Judge Roger W Titus, a federal judge in Maryland, struck down a challenge from a number of individuals, known as “Dreamers,” and immigrant rights groups over the Deferred Action for Childhood Arrivals (DACA) programme.
Titus’ ruling late on Monday said there was “reasonable belief that DACA was unlawful,” adding that Congress is the the branch of government charged with determining immigration policy, according to news reports quoting his opinion.
“Hopefully, the Congress and the president will finally get their job done,” he wrote.
Titus also took earlier rulings on DACA by federal judges in California and New York to task for blocking the phaseout.

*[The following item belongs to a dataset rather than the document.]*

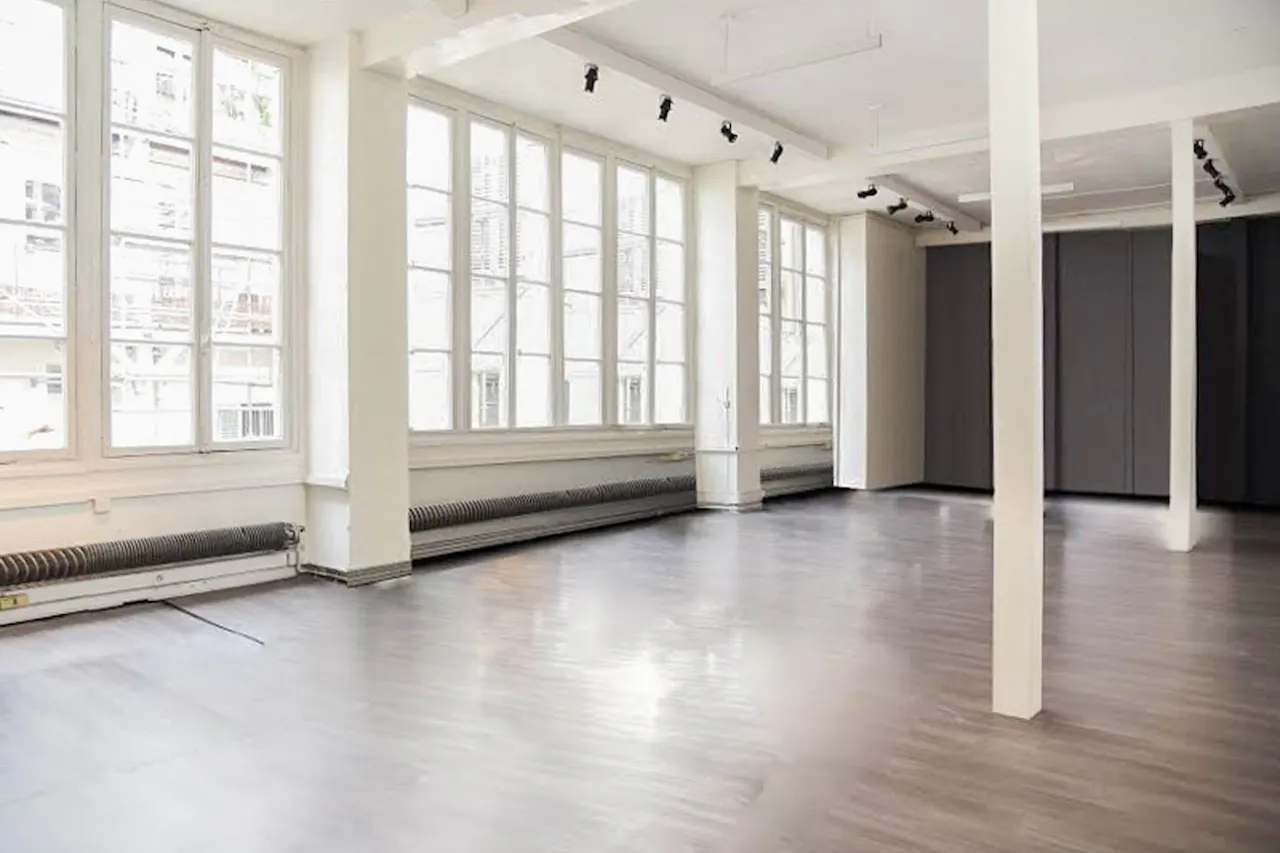 Beautiful Space in Beautiful Belleville - Image 1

He said those judges crossed constitutional lines in order to strike at Trump’s policies and substitute their own judgements.
Trump pointed to the ruling yesterday, saying in a tweet he is “waiting for the Dems” to come up with legislation for the Dreamers and other immigration issues.
The DACA programme was put in place in 2012 by former president Barack Obama through executive order and allows young immigrants brought into the country as children to stay while working or studying.
Trump announced in September that he would end the DACA programme.
That decision was supposed to take effect on Monday, but the deadline passed without any of the feared deportations because the fate of DACA is now up to the courts.
Members of the Border Network for Human Rights and Borders Dreamers and Youth Alliance protest outside a federal courthouse in El Paso, Texas, on Monday to demand that Congress pass a Clean Dream Act.